Center is Element of Closed Ball
Theorem
Let $M = \struct {A, d}$ be a metric space.
Let $a \in A$.
Let $\epsilon \in \R_{>0}$ be a positive real number.
Let $\map { {B_\epsilon}^-} a$ be the closed $\epsilon$-ball of $a$ in $M$.
Then:
- $a \in \map {{B_\epsilon}^-} a$
Normed Division Ring
Let $\struct{R, \norm {\,\cdot\,} }$ be a normed division ring.
Let $a \in R$.
Let $\epsilon \in \R_{>0}$ be a strictly positive real number.
Let $\map { {B_\epsilon}^-} a$ be the closed $\epsilon$-ball of $a$ in $\struct{R, \norm {\,\cdot\,} }$.
Then:
- $a \in \map { {B_\epsilon}^-} a$
P-adic Numbers
Let $p$ be a prime number.
Let $\struct {\Q_p, \norm {\,\cdot\,}_p}$ be the $p$-adic numbers.
Let $a \in \Q_p$.
Let $\epsilon \in \R_{>0}$ be a strictly positive real number.

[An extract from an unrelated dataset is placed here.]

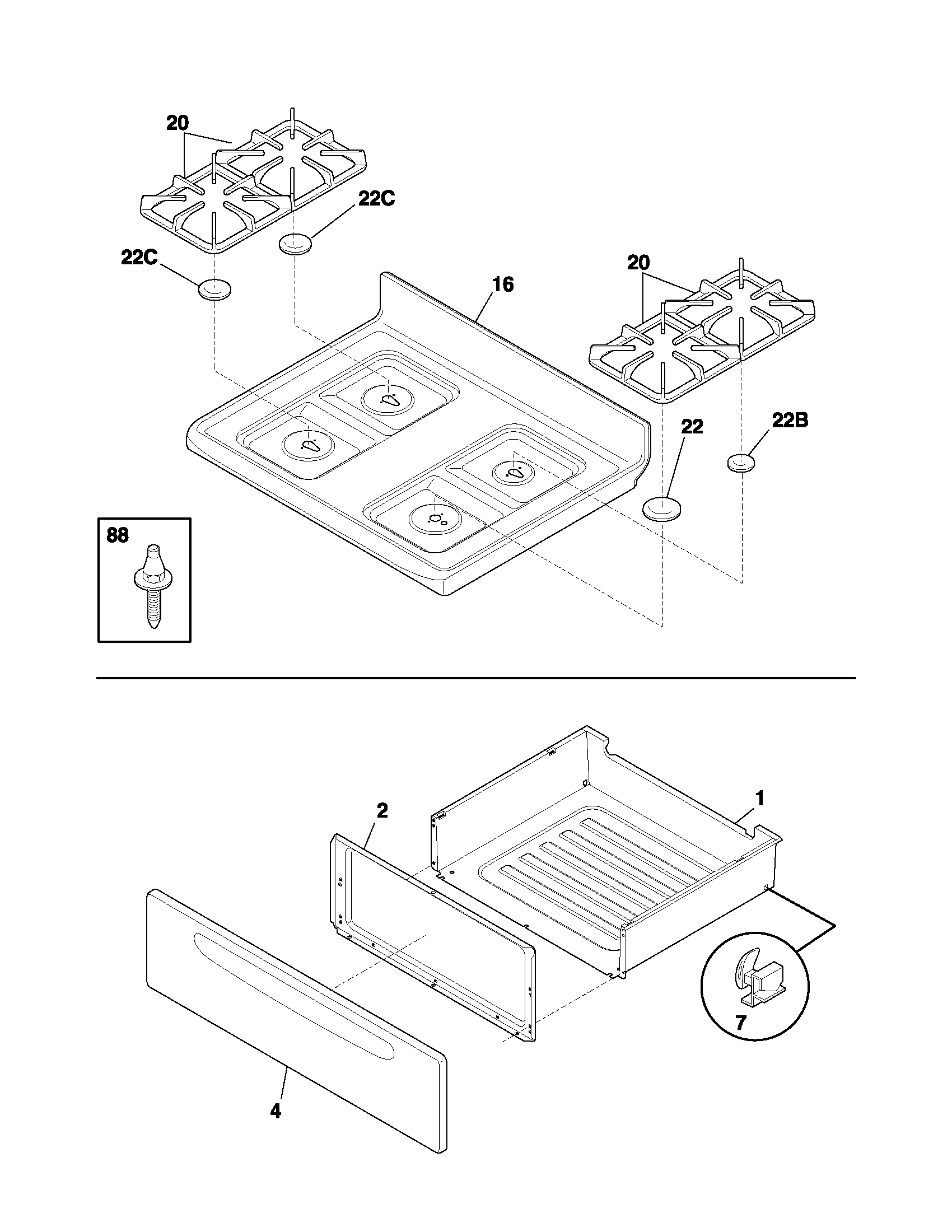 Tappan TGF364ASE top/drawer diagram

Let $\map { {B_\epsilon}^-} a$ be the closed $\epsilon$-ball of $a$ in $\struct {\Q_p, \norm {\,\cdot\,}_p}$.
Then:
- $a \in \map { {B_\epsilon}^-} a$
Proof
By metric axiom $(\text M 1)$:
- $\map d {a, a} = 0$
By assumption:
- $\epsilon > 0$
Hence:
- $\map d {a, a} < \epsilon$
By definition of the closed $\epsilon$-ball of $a$ $\map {{B_\epsilon}^-} a$ in $M$:
- $a \in \map { {B_\epsilon}^-} a$
$\blacksquare$